I would recommend that you read Anderson's article (I can't recommend his book yet as I haven't read it) and think about how it will change your business.  Here is how I think "the long tail" changes the world of retail and eCommerce:

  • More personalized products
  • More niche eCommerce opportunities with established and start-up businesses capitalizing on them
  • Faster product cycle times due to better and more accessible information from customers about what they like and don't like about the product
    • Product reviews will play a big role here; we are already seeing our clients make some pretty profound merchandising decisions based on our word of mouth analytics
  • Better customer service
    • Store reviews and customer reviews will also play a big role here
    • With more choice, tighter community, and a greater demand for niches, personalized service will become an even more important differentiator
  • Better multichannel integration
    • Buy online and pick up in store initiatives are just the beginning; REI is a good example (30% of all online purchases are picked up in their stores)
    • Retailers will have to leverage their use of channels to provide a better overall customer experience or risk losing them to niche businesses
    • Customer-centric, multichannel database and analytics opportunities will be a huge area of opportunity and frustration; RFID will only make this more complex
  • More private-label brands
    • JCPenney's ana line is a good recent example but there are many, many others
    • This bullet may be redundant with the second bullet as the reason these private labels are being launched is a combination of profit margin motives as well as focusing on attractive niches for revenue growth and differentiation
  • An entire discipline will evolve on creating products that drive word of mouth
    • I enjoyed Bryan Eisenberg's article on ClickZ this week and think that he and Roy Williams are on the right track here; Bryan cites three triggers – architectural, kinetic, and generous – and provides examples from our client's product reviews of these triggers driving five-star product satisfaction and word of mouth
    • This will lead to much tighter communication between retailers and their suppliers with product reviews being one of the most important sources of data for these conversations (obviously returns and sales being the two longest-adopted sources)
    • Members of the rapidly growing Word of Mouth Marketing Association will play a big role in this evolution

What am I missing from this list?  And how do you think it will change your business?

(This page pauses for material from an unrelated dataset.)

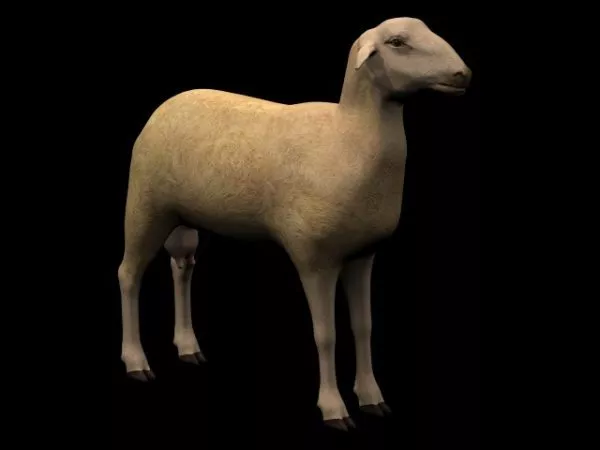 Giant Sheep Ancient Statue 3d model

Two other important notes that are relevant to this post:

  1. In this same issue of Wired, I was happy to see "The Power of Peer Production" named as one of the six trends driving the global economy, by Chris Anderson no less.
  2. Speaking of hits, Bryan and Jeffrey Eisenberg's new book, "Waiting For Your Cat to Bark?", is out and has already been named to the New York Times, Wall Street Journal, and USA Today bestsellers list.  Here is the praise I wrote for the book when Bryan was nice enough to give me a preview copy:

    "The Web is a democratizing force as the world's largest global brain.  It educates everyone on the pros and cons of every product, service, and even person.  An educated person doesn't react well to the traditional art of manipulation that some marketers attempt to employ in their campaigns.  As a matter of fact, it makes them angry and defensive … like a cat backed into a corner.  No one understands this new world of marketing better than the Eisenbergs.  Waiting For Your Cat to Bark? is the marketing manifesto of our generation.  Read it, weep, and then go do something about it."